Work to complete: Give the data again exactly, from its opening line through the line in which "image 1 of Garnier" appears.

Source data
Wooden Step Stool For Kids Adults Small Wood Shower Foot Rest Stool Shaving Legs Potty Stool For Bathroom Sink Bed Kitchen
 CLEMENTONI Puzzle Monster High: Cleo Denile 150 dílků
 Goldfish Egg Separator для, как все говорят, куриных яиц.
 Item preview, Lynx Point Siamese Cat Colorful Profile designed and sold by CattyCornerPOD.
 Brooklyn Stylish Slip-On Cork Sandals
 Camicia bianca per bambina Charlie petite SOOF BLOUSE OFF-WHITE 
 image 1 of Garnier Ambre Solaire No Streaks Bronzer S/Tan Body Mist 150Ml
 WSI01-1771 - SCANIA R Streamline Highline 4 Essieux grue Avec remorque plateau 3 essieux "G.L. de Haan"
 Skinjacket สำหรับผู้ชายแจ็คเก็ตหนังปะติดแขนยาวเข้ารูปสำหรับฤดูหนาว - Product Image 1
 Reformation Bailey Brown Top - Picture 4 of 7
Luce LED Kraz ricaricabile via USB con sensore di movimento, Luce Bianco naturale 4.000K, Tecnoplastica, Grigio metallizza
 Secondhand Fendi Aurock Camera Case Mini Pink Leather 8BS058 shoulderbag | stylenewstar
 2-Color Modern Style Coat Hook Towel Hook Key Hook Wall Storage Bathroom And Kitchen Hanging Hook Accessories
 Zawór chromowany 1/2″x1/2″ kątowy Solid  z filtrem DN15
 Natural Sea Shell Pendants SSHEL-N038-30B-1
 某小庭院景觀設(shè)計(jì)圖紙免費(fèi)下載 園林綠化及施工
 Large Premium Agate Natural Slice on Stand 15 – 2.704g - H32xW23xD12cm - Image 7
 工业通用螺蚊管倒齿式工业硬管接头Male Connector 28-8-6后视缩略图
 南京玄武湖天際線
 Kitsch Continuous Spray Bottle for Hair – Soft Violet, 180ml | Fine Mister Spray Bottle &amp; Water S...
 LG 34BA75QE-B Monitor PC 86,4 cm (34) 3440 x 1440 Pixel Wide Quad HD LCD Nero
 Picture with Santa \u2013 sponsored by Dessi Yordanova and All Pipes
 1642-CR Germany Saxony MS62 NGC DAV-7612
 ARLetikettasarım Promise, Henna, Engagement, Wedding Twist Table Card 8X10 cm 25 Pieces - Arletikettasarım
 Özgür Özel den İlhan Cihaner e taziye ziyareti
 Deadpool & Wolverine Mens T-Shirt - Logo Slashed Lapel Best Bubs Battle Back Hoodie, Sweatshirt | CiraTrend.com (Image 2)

Written solution:
Wooden Step Stool For Kids Adults Small Wood Shower Foot Rest Stool Shaving Legs Potty Stool For Bathroom Sink Bed Kitchen
 CLEMENTONI Puzzle Monster High: Cleo Denile 150 dílků
 Goldfish Egg Separator для, как все говорят, куриных яиц.
 Item preview, Lynx Point Siamese Cat Colorful Profile designed and sold by CattyCornerPOD.
 Brooklyn Stylish Slip-On Cork Sandals
 Camicia bianca per bambina Charlie petite SOOF BLOUSE OFF-WHITE 
 image 1 of Garnier Ambre Solaire No Streaks Bronzer S/Tan Body Mist 150Ml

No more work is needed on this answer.